I think I’ve figured out how to solve a slightly different constraint satisfaction problem from the one I was working on Friday. I was thinking about GUI constraints, of the sort used in the Laszlo rich client platform. Laszlo uses constraints to implement lots of fancy operations with very little code. Basically, a Laszlo constraint is something like “my X position is equal to the mouse X position, if I’m currently being dragged”. So, constraints can be state-dependent.
With the current PyProtocols generic function implementation, it’s relatively easy to define a generic function to compute X given the current state.
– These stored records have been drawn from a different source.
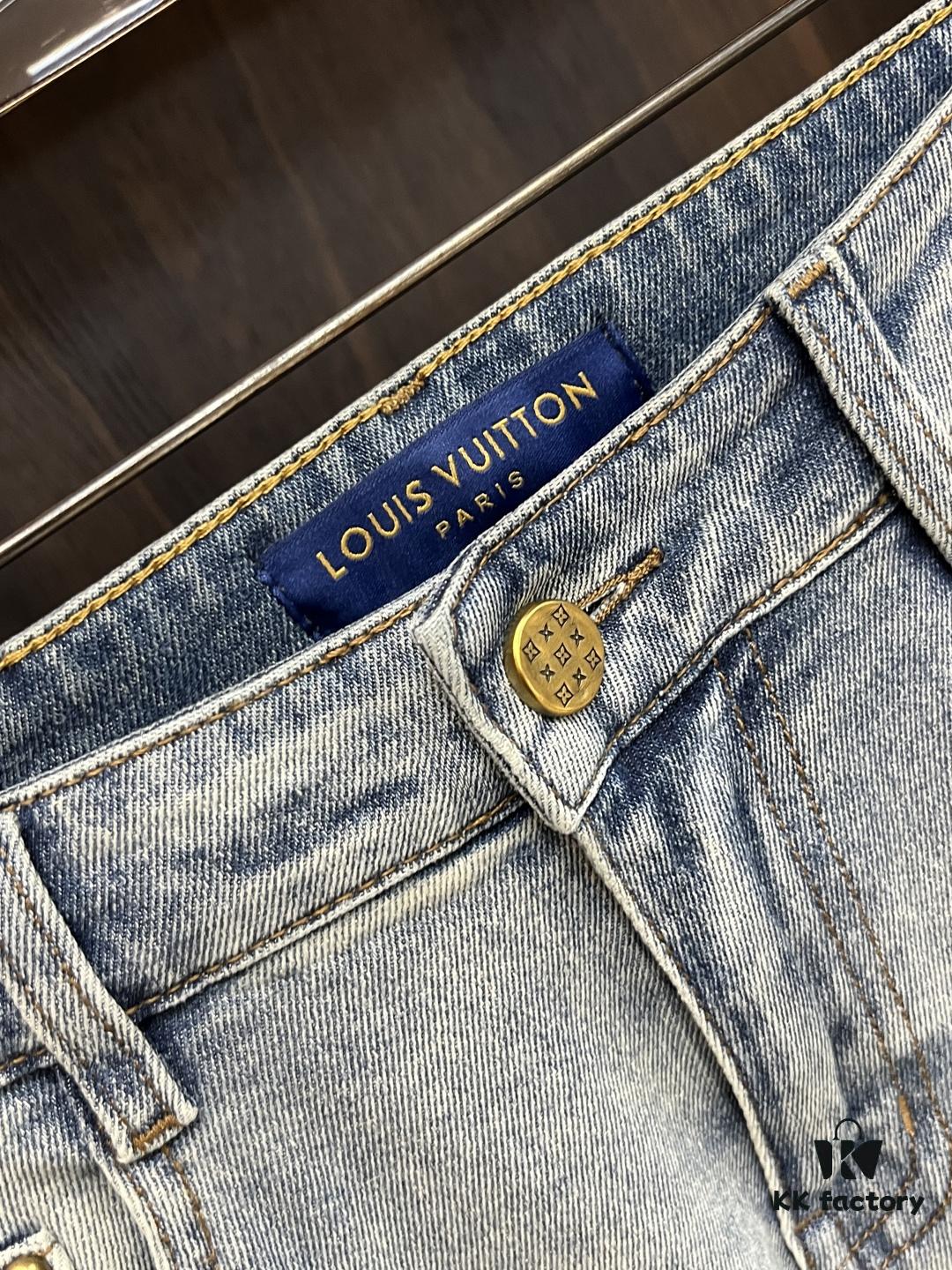 Exclusive New Arrival 🔥 Cross Heart Men's Fashion Casual Jeans, High-End European Style Original Stock Pants, Trendy and Comfortable, Breathable Fabric with Impeccable Details, Brand-Inspired Design Concept Exuding Premium Quality, Leisure Cut with Excellent Fit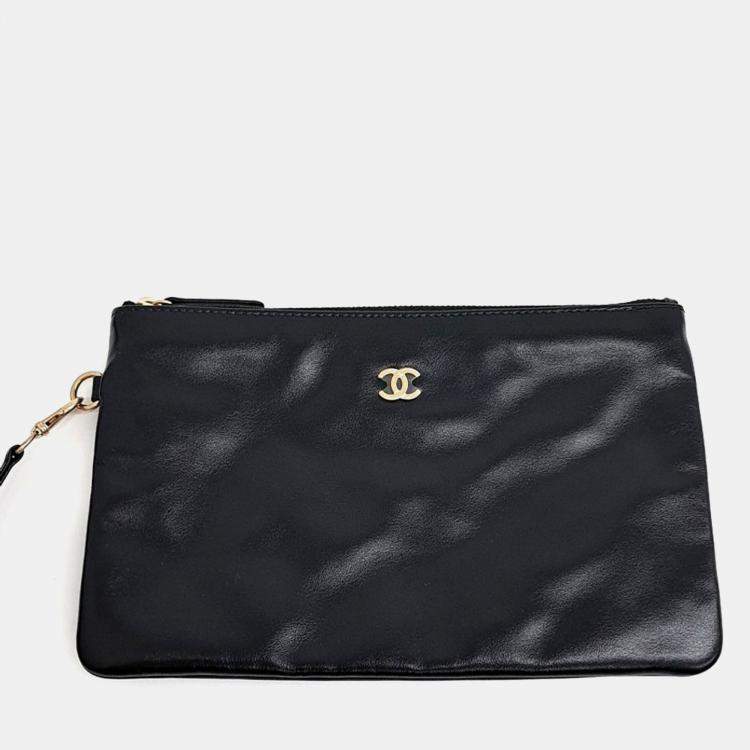 Pre Owned Chanel Black Leather 22 Bag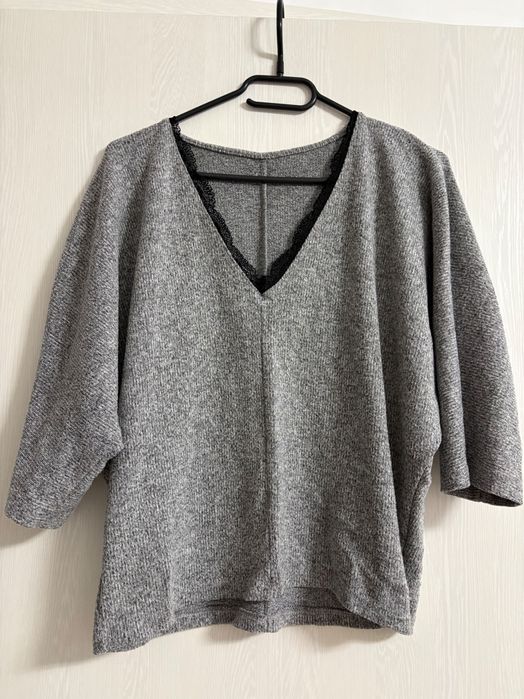 Bluza scurta cu decolteu V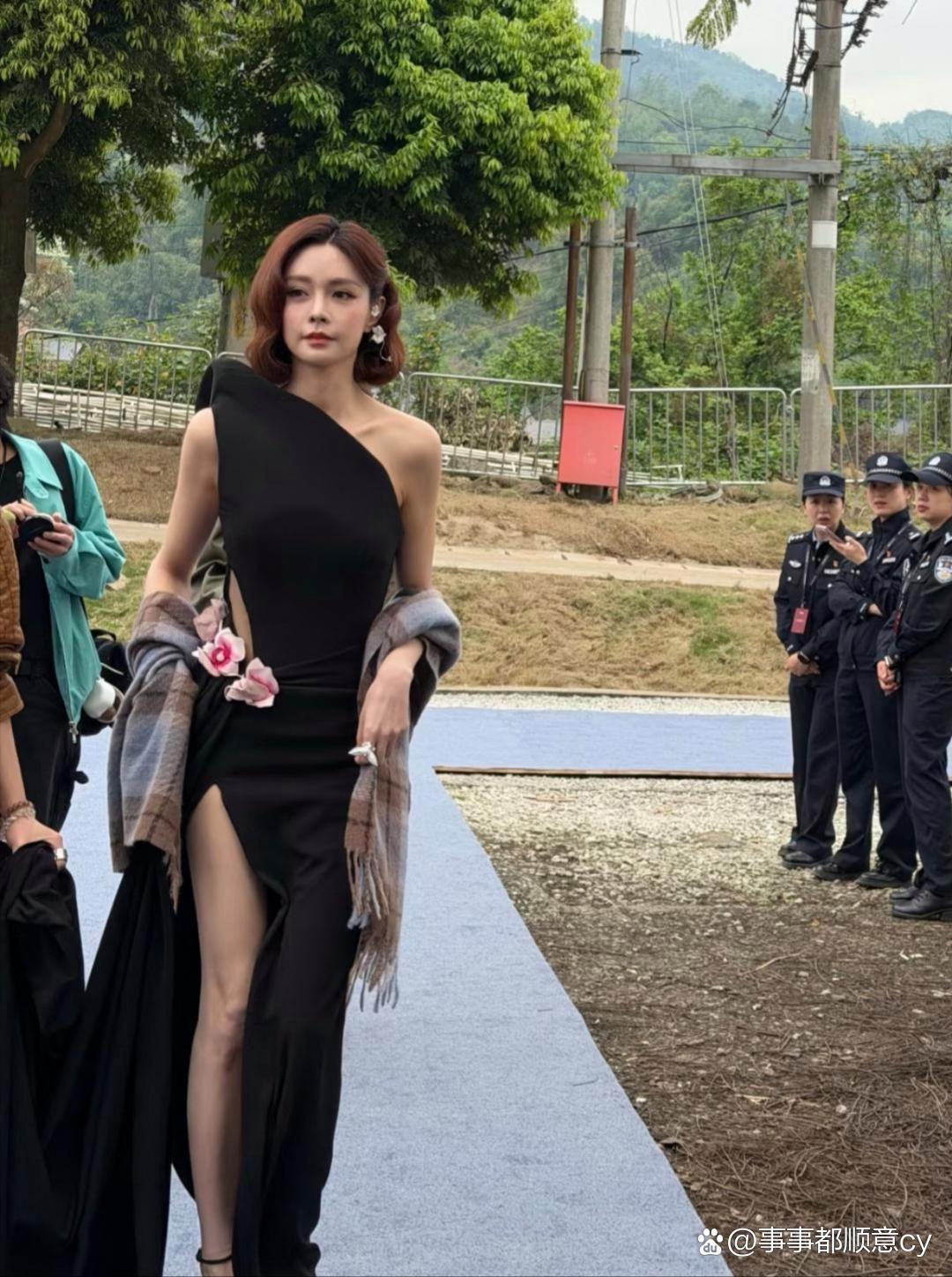 沈梦辰在四川出席活动，真的好美啊！她身材太好了，又高又瘦，皮肤还很白皙，和路人完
However, this doesn’t help in building a GUI because you don’t want to be continuously recomputing X all the time, only when something changes. In the dragging example, we want to recompute X only when the mouse position changes and the dragging state is active. (Or if some other state is active that causes X to change when the mouse position changes.)
What this means in practice is that we want there to be generic functions that get called when the mouse moves, keys get hit, and so on. And these generic functions would have rules like, “if the mouse X has changed and we are dragging an object of such-and-such type, then set that object’s X position to match.” In essence, we have taken a kind of “derivative” of the original rule, which stated “if dragging, object.X = mouse.X”.
Of course, that’s not all that has to happen. We also need a function that gets called whenever the drag state changes, so that we can set the initial X to match the mouse at that point in time. And there are other interesting complications, that I’ll get back to in a moment.
Anyway, it should be quite apparent that this is the basic complexity of event-driven programming. Your initial problem statement can be something quite simple like “while dragging, our X = mouse X”, but the actual implementation might require monitoring half a dozen events, each with its own idiosyncratic implementation requirements.
But what if we could handle this automatically? What if we had an object that could “read” and “understand” the constraint in its natural form, and automatically add cases to other generic functions or add callbacks to event sources for us? In the case of Laszlo, it has a specialized property system to handle this, and states have to be explicitly activated or deactivated, which greatly reduces the generality, because it means you still have to hook up events to change the states. If I understand correctly, you can’t just say something like “we’re dragging as long as the left mouse button is down and the cursor is over my drag handle”; instead, you still have to create event handlers to start and stop dragging.
Anyway, here’s my idea: suppose you had a generic function that took four parameters:
- The criteria for selecting the objects to which this constraint applies
- The conditions under which this particular constraint applies
- The expression that the target attribute/method/etc. should be set to or passed
- The target attribute/method/whatever to set/invoke
You could then add methods to it to actually perform the necessary subscriptions, by matching “meta criteria” against the arguments. For example, using parameters 1 and 2, you can set up event subscriptions to activate and deactivate the applicability of the constraint, and using parameters 3 and 4, you can figure out the event subscriptions that should be added or removed when the constraint is active, and what those event handlers should do.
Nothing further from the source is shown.